There's a cost to technological advancement—putting workers out of jobs. But tech companies are increasingly willing to compensate people for their automated efficiencies, and the job losses that occur.

Universal basic income is one way to offset the income losses produced when machines replace humans in the workplace. UBI pays a stipend to people, typically to those who live in an area affected by technological efficiencies and worker displacement. 

For example, Y Combinator, which funds start-up companies mostly in the tech space, announced this month that it is giving $1,500 a month to 100 families in Oakland, Calif.—a working-class city near Silicon Valley. The money is meant to address the inequality produced by the rise in technology in the area.

Y Combinator reportedly has plans to pay out as much as $50 million in different locations affected by the tech-replacing-worker phenomenon. 

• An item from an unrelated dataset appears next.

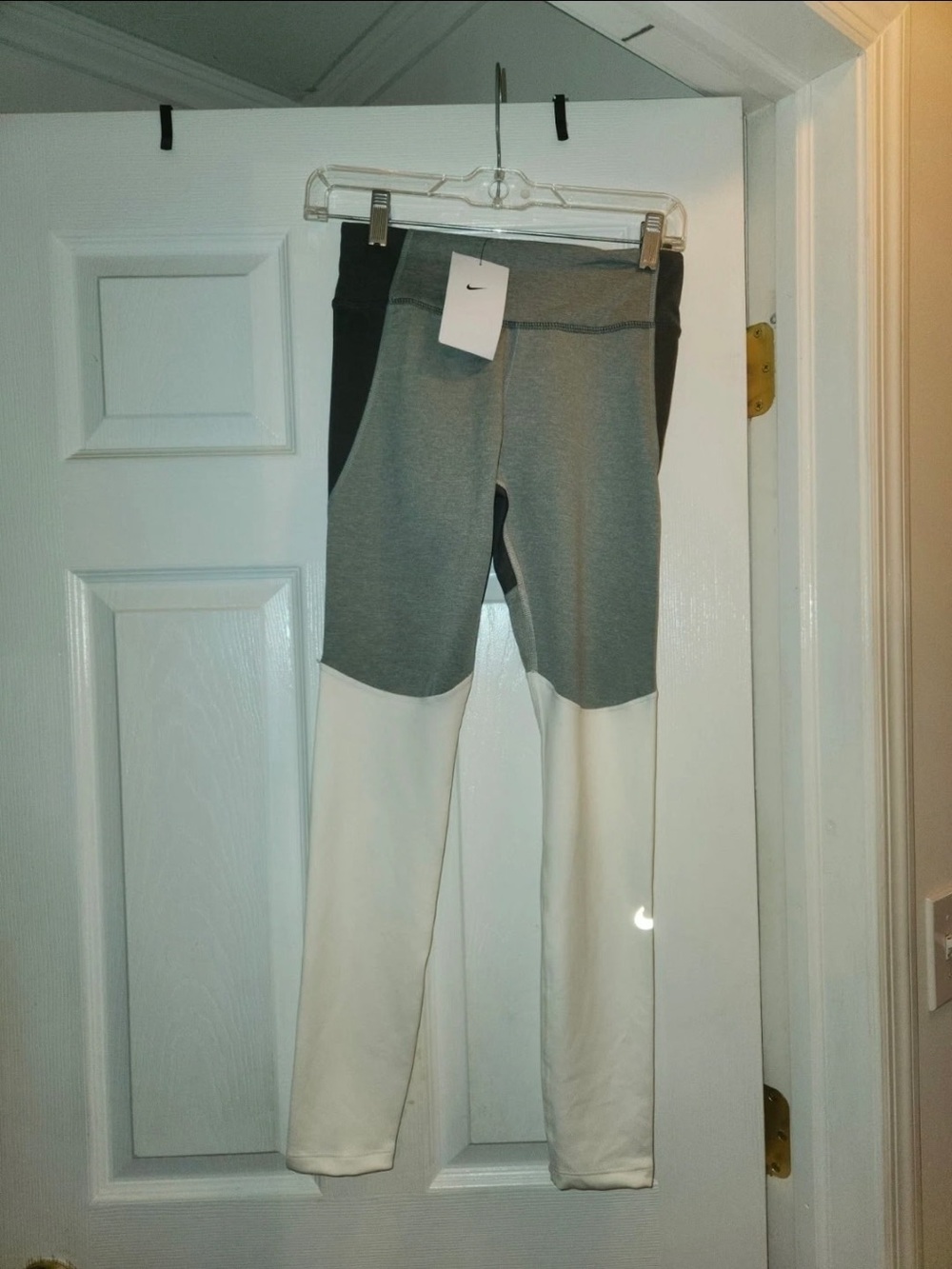 Nike Fast Mid-Rise Pocket Running Leggings Womens S Gray Dri-Fit NWT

Mark Zuckerberg and Elon Musk, two high-tech heavyweights, have also thrown their endorsements behind UBI. Other Silicon Valley CEOs are beginning to share their ethic. Stewart Butterfield of Slack, the fast-growing business app, came out this week with his endorsement of UBI, too.

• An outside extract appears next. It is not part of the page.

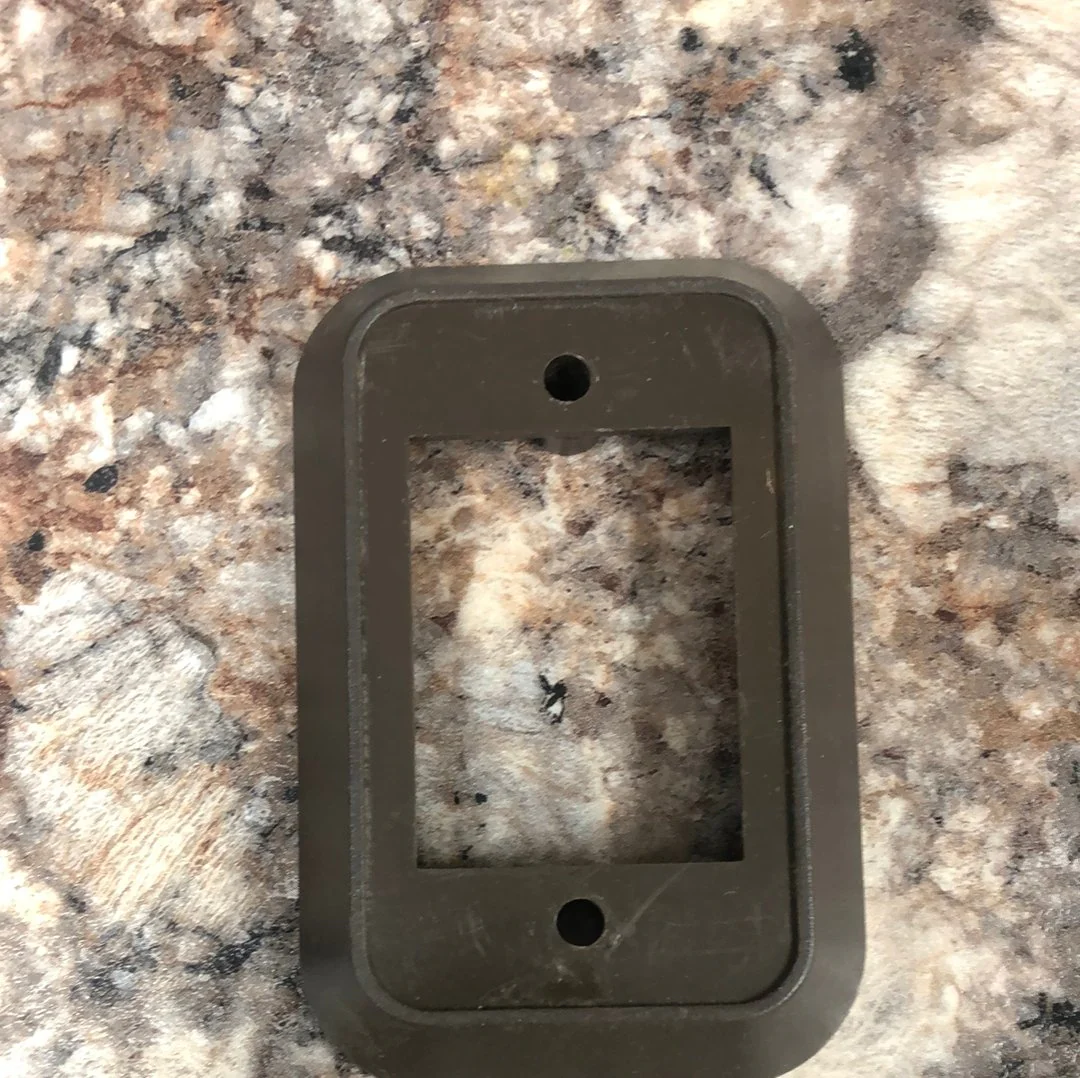 Used 12v RV Single Light Switch wall plate / faceplate cover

To be sure, there are alternative forms of compensation for workers who lose their jobs on account of computers.

Billionaire Bill Gates is standing behind a robot tax, which would have robots that replace humans in the workplace taxed just like people are. The thinking is to recoup the taxable income lost by the individual. A company would pay a robot tax and the revenue would be used for supporting or retraining unemployed workers.  

There are complexities to this, of course. How much automation actually replaces human and how much tax to offset the human cost is one dilemma. Another is how to prevent the robot tax getting passed onto consumers in the form of rising prices.

In any event, what is certain is that unskilled workers are getting pushed out of the workforce in record numbers. The website Jobs of The Future Fund estimates that what it calls the "Automated Revolution" will cause more job losses than the Great Depression and the Great Recession combined.

Automation is meant to result in cost savings. Lost incomes and taxes, however, will need to be calculated and recouped in some way. Otherwise, the whole economy suffers. The equation isn’t easily figured. To solve the problem, we’ll need both brain power and computer power to work together.